Build it and they will come (INV 292: Commercialize): The core of Innovation Engineering courses is to teach students how to “start up like a start-up.” They are taught to reduce risk and increase success rates with innovation using the tools and methods that drive small businesses’ success rates with innovations — success rates that are 10 times greater than for large corporations. Four of the commercialization principles are: simultaneous engineering of product, promise and profit, in which students are taught to accelerate success and reduce risk by optimizing the trade-offs between the product reality, customer promise and profit formula; fail-fast, fail-cheap learning cycles, in which students are taught a bias for action and experimentation, instead of using planning, meetings and more planning to drive out risk; open innovation collaboration, with students learning to reduce risk by borrowing, partnering and collaborating, rather than “doing it all themselves”; and data-driven innovation, in which students are taught how to do early-stage sales forecasts and assessments to identify odds of success, and key “death threats” and risks early in the innovation process, when there is still the time, energy and money to do something about them. Students’ learning is made real through real-world case studies. For example, they are provided a real invention and challenged to do a patent search and write a provisional patent application.

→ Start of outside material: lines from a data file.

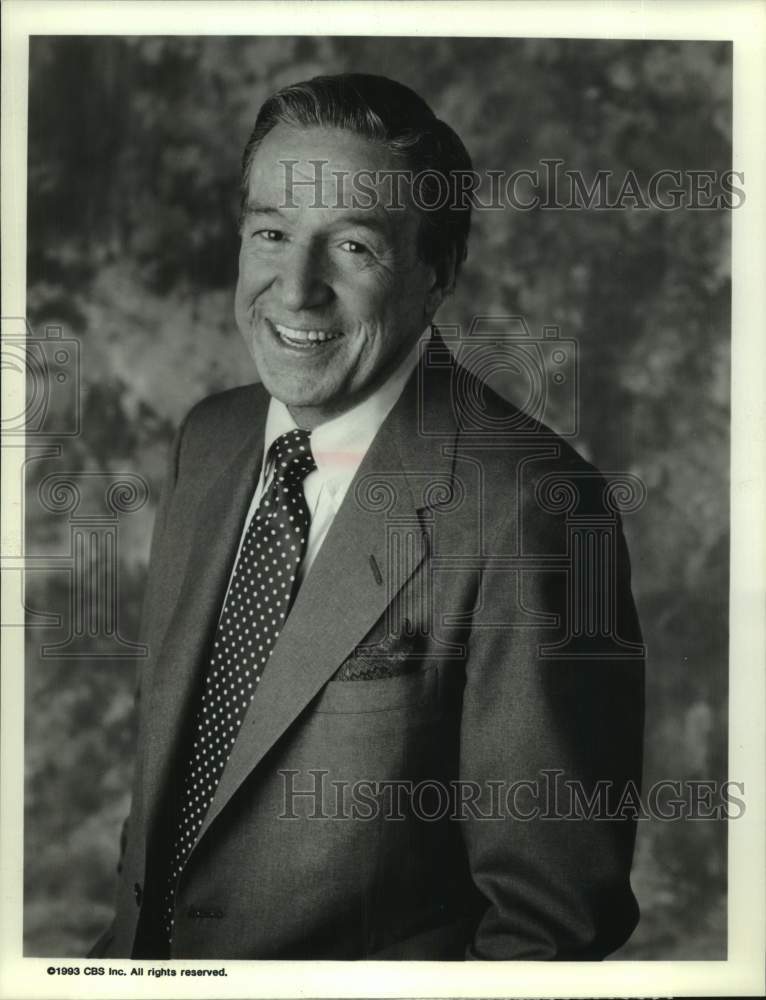 1993 Press Photo Mike Wallace anchors CBS Reports: 1968, on CBS Television.- Historic Images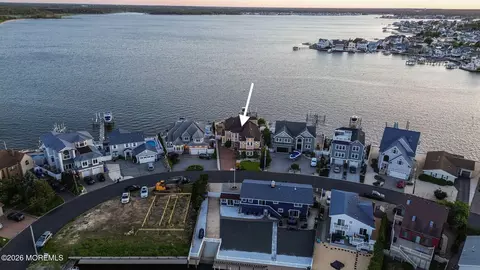 531 Bayview Dr, Toms River, NJ 08753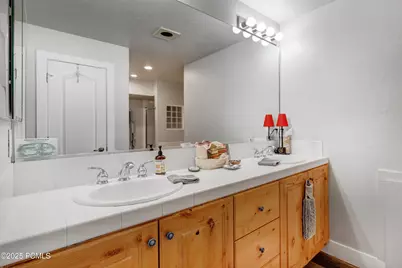 5135 Cove Canyon Drive #Apt 204, Park City, UT 84098 - Photo 18
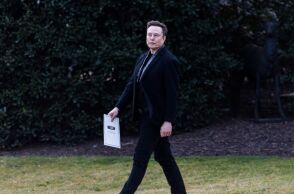 Ο Έλον Μασκ παγώνει τώρα και προσλήψεις στη ΝΑΤΟϊκή βάση στην Ιταλία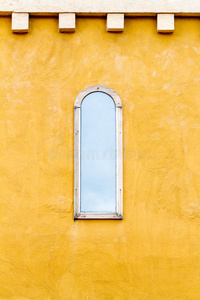 黄墙上的窗户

They also help entrepreneurs and inventors translate their ideas into business opportunities, complete with a sales forecast, estimates of time and cost to first sale, and a fail-fast, fail-cheap action plan.

Leading innovation: UMaine is dedicated to helping alumni and Maine residents generate jobs and wealth through innovation. Today, there are two new ways for alumni to participate in the Innovation Engineering program and get involved in the strategy to improve Maine’s rankings in innovation-led economic development. The first is the Innovation Engineering Leadership Institute, a special opportunity for alumni and Maine residents to attend an intense program based on the accelerated graduate curriculum in Innovation Engineering. (Registration information is online: www2.umaine.edu/innovation) Through interactive case studies, you learn an innovation leadership “tool kit.” In addition, you reinforce learning by directly applying it to your business, government or nonprofit organization. At these institutes, I will teach you how to realize an order of magnitude improvement in your ability to lead the creation, communication and commercialization of meaningfully unique ideas for more profitable products and services.